● **What is required**:
Give the lines below again exactly, starting with the line that holds "BEISHIDA 3 Packs" and going on through the line that holds "Gouldsboro Pennsylvania Main".

● **Data records**:
*** Begin section ***

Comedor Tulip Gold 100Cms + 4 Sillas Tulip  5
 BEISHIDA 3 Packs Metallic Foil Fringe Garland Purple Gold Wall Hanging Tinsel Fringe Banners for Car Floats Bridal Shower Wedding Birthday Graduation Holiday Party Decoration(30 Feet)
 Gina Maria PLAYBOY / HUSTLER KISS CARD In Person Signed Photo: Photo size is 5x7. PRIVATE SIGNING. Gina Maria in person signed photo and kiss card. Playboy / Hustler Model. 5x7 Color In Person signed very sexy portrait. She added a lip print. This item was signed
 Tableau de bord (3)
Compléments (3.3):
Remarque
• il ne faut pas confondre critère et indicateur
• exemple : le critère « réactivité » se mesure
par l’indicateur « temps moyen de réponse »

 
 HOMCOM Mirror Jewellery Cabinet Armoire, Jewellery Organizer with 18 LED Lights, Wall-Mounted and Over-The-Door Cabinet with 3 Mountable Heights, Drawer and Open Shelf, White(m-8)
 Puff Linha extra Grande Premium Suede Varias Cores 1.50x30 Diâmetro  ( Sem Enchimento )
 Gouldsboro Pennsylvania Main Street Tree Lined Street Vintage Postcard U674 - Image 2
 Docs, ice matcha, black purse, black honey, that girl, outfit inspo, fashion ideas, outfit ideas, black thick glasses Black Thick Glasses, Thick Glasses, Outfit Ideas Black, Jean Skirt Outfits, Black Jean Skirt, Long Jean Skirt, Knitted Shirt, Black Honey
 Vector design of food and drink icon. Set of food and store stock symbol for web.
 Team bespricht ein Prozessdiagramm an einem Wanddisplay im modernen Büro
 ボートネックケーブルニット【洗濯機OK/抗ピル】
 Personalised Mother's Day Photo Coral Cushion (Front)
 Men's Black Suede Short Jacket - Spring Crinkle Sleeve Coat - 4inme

*** End section ***

● **Reply**:
 BEISHIDA 3 Packs Metallic Foil Fringe Garland Purple Gold Wall Hanging Tinsel Fringe Banners for Car Floats Bridal Shower Wedding Birthday Graduation Holiday Party Decoration(30 Feet)
 Gina Maria PLAYBOY / HUSTLER KISS CARD In Person Signed Photo: Photo size is 5x7. PRIVATE SIGNING. Gina Maria in person signed photo and kiss card. Playboy / Hustler Model. 5x7 Color In Person signed very sexy portrait. She added a lip print. This item was signed
 Tableau de bord (3)
Compléments (3.3):
Remarque
• il ne faut pas confondre critère et indicateur
• exemple : le critère « réactivité » se mesure
par l’indicateur « temps moyen de réponse »

 
 HOMCOM Mirror Jewellery Cabinet Armoire, Jewellery Organizer with 18 LED Lights, Wall-Mounted and Over-The-Door Cabinet with 3 Mountable Heights, Drawer and Open Shelf, White(m-8)
 Puff Linha extra Grande Premium Suede Varias Cores 1.50x30 Diâmetro  ( Sem Enchimento )
 Gouldsboro Pennsylvania Main Street Tree Lined Street Vintage Postcard U674 - Image 2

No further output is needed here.